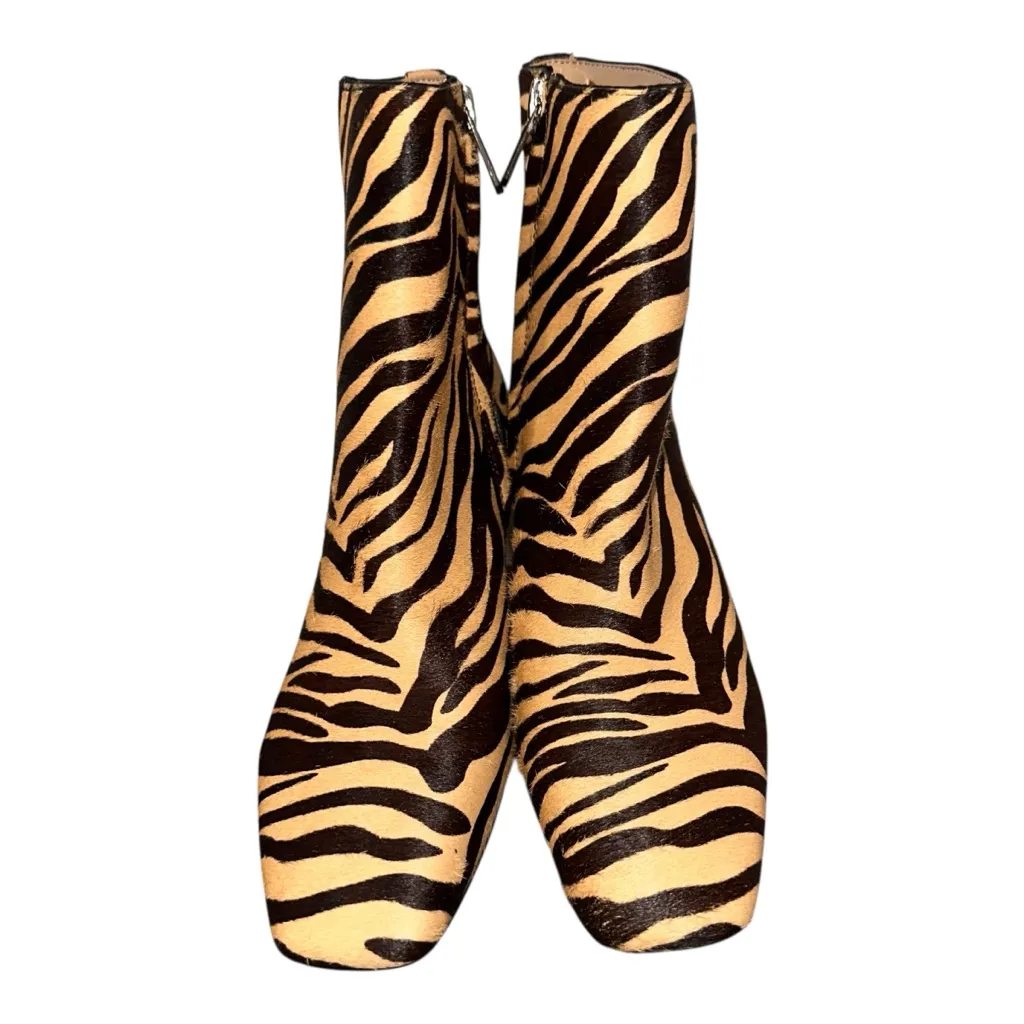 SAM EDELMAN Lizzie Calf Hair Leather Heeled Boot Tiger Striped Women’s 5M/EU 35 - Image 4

+++

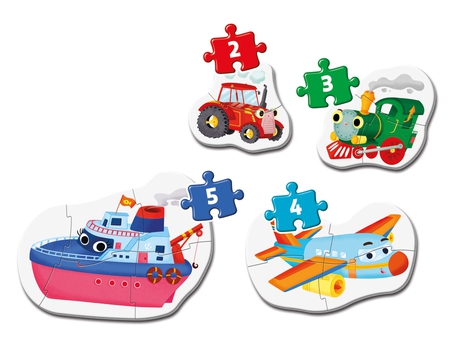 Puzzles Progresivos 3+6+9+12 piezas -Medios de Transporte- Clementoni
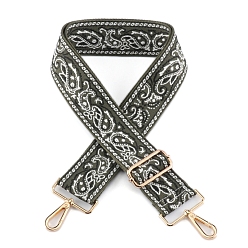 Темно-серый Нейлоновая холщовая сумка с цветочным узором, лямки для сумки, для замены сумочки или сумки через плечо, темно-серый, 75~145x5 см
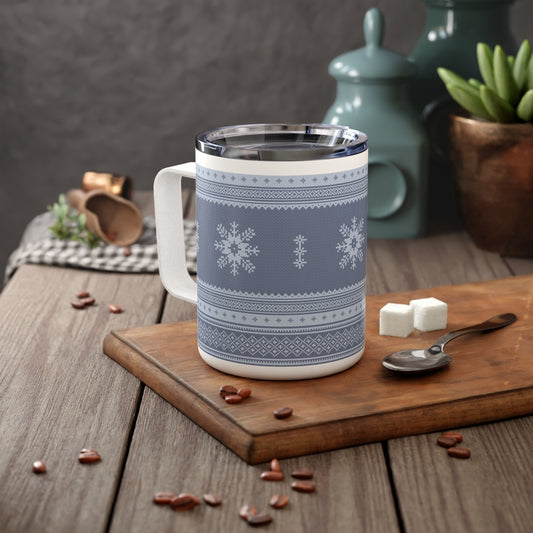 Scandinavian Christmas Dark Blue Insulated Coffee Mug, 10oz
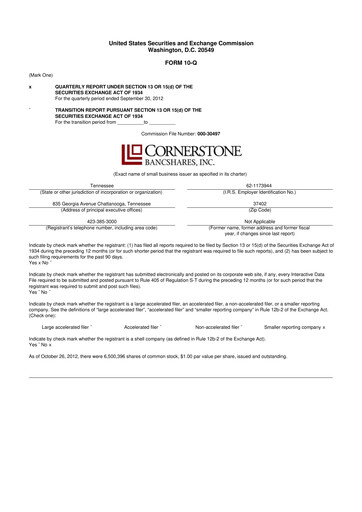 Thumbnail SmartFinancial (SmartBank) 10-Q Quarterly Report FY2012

+++

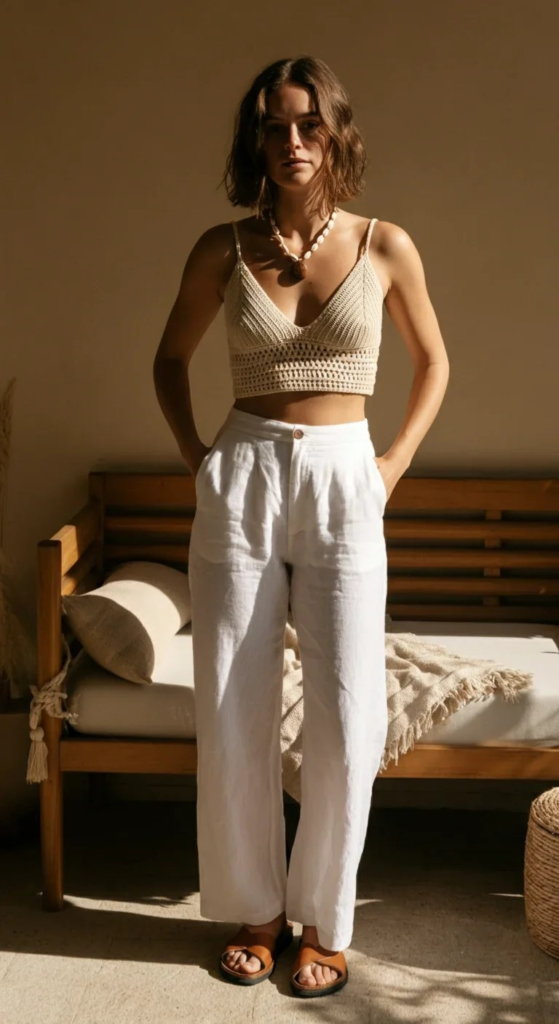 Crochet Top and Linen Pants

+++

→ Task instructions: Going by the entries above, repeat exactly the lines that start at the line with "Puzzles Progresivos 3+6+9+12" and go on through the line with "Thumbnail SmartFinancial (SmartBank)". Pictures are not part of the copy.

→ Response area:
 Puzzles Progresivos 3+6+9+12 piezas -Medios de Transporte- Clementoni
 Темно-серый Нейлоновая холщовая сумка с цветочным узором, лямки для сумки, для замены сумочки или сумки через плечо, темно-серый, 75~145x5 см
 Scandinavian Christmas Dark Blue Insulated Coffee Mug, 10oz
 Thumbnail SmartFinancial (SmartBank) 10-Q Quarterly Report FY2012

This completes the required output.